Insgesamt erfährt man in der Edda eine bunte Mischung aus witzigen oder spannenden Erzählungen, nachdenklichen Passagen und versteckte, hintersinnige Handlungsanweisungen. Allein aus diesem Blickwinkel ist sie der Bibel überlegen, die bekanntlich mit der Holzhammermethode  versucht den ungehörigen Schäfchen Benehmen einzubläuen, wie beispielsweise die zehn Gebote zeigen: „Du sollst nicht stehlen.“

Doch wichtiger als Lesespaß oder Glaubensexegese ist ein anderes Faktum: Die Edda ist die überlieferte Brücke zur abendländischen, fast vergessenen Frühkultur und war wichtiger Bestandteil des Lebens unserer Vorfahren. Allein das Wissen über deren Denken, Glauben und Lebensweise ist von unschätzbarem Wert. Eine bedeutende Rolle in der Verbreitung der nordischen Mythologie und des kollektiven Gedächtnis an die heidnische Welt war die dreitägige Oper Richard Wagners Der Ring der Nibelungen, der in der ersten Hälfte des 20. Jahrhunderts, auch über das Dritte Reich hinaus, die germanische Götterwelt einem breiteren Publikum zugänglich machte.
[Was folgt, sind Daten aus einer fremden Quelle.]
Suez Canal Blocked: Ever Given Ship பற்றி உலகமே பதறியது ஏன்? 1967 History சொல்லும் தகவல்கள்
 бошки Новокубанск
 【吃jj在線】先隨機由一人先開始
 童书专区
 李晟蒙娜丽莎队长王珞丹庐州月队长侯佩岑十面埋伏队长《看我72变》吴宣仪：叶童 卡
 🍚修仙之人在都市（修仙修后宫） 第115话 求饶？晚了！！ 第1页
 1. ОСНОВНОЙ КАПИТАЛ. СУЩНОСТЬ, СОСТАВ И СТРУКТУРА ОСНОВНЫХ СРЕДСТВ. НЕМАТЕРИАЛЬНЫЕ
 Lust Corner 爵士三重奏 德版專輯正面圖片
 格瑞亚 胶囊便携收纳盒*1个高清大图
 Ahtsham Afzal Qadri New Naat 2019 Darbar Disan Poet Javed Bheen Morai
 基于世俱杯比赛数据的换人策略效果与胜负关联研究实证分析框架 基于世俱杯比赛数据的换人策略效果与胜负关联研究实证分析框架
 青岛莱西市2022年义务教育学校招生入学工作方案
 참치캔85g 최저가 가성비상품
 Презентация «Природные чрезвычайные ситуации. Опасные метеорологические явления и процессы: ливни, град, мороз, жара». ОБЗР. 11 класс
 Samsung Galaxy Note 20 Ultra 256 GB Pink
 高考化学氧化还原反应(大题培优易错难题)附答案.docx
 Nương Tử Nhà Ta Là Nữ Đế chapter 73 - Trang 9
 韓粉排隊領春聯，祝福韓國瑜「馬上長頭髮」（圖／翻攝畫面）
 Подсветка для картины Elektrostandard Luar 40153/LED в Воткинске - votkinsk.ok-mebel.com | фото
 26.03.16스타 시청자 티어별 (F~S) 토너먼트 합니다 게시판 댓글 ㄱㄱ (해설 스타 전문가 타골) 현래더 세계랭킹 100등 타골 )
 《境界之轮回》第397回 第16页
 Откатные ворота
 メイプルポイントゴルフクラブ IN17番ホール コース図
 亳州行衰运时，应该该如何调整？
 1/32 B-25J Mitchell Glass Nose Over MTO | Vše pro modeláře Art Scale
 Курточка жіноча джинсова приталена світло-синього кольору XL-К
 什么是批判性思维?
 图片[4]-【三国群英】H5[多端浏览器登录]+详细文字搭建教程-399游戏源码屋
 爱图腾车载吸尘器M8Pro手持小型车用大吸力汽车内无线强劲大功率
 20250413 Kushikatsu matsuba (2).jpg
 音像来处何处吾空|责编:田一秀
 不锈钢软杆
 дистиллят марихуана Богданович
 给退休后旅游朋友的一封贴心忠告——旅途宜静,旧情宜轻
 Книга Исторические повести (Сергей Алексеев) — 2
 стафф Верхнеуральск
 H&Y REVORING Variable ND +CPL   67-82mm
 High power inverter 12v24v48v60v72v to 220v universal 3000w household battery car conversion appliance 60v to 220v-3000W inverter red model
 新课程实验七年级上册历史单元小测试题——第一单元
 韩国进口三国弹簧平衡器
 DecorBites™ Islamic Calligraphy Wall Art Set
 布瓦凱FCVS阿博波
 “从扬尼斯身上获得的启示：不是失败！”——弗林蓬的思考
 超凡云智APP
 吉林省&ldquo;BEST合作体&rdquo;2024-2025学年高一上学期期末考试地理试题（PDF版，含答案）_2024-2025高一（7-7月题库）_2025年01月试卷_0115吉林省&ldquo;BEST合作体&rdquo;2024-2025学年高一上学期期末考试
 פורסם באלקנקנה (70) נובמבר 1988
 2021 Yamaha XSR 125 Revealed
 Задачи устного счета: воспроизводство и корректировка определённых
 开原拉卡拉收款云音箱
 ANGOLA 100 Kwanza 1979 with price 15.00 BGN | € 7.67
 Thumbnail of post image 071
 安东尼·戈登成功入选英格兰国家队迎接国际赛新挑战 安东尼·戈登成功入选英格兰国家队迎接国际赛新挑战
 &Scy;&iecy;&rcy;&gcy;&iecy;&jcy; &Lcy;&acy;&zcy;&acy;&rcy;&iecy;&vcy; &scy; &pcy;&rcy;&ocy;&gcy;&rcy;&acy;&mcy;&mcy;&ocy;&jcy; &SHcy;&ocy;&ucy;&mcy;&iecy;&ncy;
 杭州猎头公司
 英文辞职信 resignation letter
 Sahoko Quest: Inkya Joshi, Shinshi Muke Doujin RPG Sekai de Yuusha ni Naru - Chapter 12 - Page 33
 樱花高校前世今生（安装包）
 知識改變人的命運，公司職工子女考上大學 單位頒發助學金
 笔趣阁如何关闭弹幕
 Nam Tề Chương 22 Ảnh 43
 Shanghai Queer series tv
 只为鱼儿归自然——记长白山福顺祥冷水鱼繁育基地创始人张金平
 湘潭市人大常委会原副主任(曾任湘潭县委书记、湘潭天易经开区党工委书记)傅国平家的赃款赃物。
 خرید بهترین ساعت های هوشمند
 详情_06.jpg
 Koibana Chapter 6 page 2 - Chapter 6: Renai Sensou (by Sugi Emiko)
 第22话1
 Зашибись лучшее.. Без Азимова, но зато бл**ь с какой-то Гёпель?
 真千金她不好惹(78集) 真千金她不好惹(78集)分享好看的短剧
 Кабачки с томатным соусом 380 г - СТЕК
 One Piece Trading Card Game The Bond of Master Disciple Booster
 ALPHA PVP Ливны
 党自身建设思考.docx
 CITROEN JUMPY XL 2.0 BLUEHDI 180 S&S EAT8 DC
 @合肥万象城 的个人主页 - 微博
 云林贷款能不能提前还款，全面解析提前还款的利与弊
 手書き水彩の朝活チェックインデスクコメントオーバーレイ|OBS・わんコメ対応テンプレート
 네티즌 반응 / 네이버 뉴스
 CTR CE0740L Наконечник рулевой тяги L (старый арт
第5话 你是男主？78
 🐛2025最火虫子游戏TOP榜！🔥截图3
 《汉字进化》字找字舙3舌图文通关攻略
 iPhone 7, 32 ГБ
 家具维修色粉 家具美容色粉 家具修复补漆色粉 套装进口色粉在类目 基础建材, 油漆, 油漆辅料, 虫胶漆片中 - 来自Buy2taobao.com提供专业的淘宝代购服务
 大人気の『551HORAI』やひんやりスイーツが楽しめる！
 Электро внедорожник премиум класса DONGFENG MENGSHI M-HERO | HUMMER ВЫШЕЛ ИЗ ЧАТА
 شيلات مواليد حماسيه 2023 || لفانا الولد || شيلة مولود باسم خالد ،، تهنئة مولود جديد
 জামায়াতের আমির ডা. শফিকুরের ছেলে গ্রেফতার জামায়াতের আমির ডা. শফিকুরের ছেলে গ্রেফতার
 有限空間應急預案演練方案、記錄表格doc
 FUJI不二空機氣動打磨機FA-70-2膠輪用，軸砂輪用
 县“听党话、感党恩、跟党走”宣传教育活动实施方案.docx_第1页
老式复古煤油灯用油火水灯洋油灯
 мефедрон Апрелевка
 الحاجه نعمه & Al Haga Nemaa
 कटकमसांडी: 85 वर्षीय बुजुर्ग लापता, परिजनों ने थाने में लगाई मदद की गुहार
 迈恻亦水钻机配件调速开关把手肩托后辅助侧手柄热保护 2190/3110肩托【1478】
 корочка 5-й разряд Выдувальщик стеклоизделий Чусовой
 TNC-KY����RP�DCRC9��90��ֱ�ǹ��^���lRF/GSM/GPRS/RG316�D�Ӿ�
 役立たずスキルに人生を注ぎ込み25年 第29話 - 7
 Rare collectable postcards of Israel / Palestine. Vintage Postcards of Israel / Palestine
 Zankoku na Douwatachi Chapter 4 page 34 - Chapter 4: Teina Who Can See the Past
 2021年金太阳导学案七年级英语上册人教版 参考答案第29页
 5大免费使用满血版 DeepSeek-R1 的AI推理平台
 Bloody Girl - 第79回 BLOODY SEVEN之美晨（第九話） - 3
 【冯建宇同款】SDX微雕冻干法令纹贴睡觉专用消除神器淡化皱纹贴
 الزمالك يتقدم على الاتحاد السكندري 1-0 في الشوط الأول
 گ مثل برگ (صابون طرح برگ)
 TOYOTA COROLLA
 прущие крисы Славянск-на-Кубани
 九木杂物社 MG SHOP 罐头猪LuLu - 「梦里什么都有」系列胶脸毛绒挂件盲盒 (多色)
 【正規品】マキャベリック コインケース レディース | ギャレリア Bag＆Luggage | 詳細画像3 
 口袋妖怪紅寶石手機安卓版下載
Doch mittlerweile kann Musik politisch unkorrekt sein und gerade Hitlers Leidenschaft zu Wagner navigiert dessen Werke im 21. Jahrhundert ins Abseits. Darunter auch die Vertonung der Edda. Doch gerade in Zeiten des christlichen Zerfalls, des Verlustes abendländischer Werte und Moral und dem Bröckeln der kirchlichen Macht und Legitimität, könnte ein solch traditionsreicher Glaube das postmoderne, geistige Vakuum der suchenden Menschen füllen. Ob die Edda dazu geeignet ist, muss jeder für sich selbst entscheiden.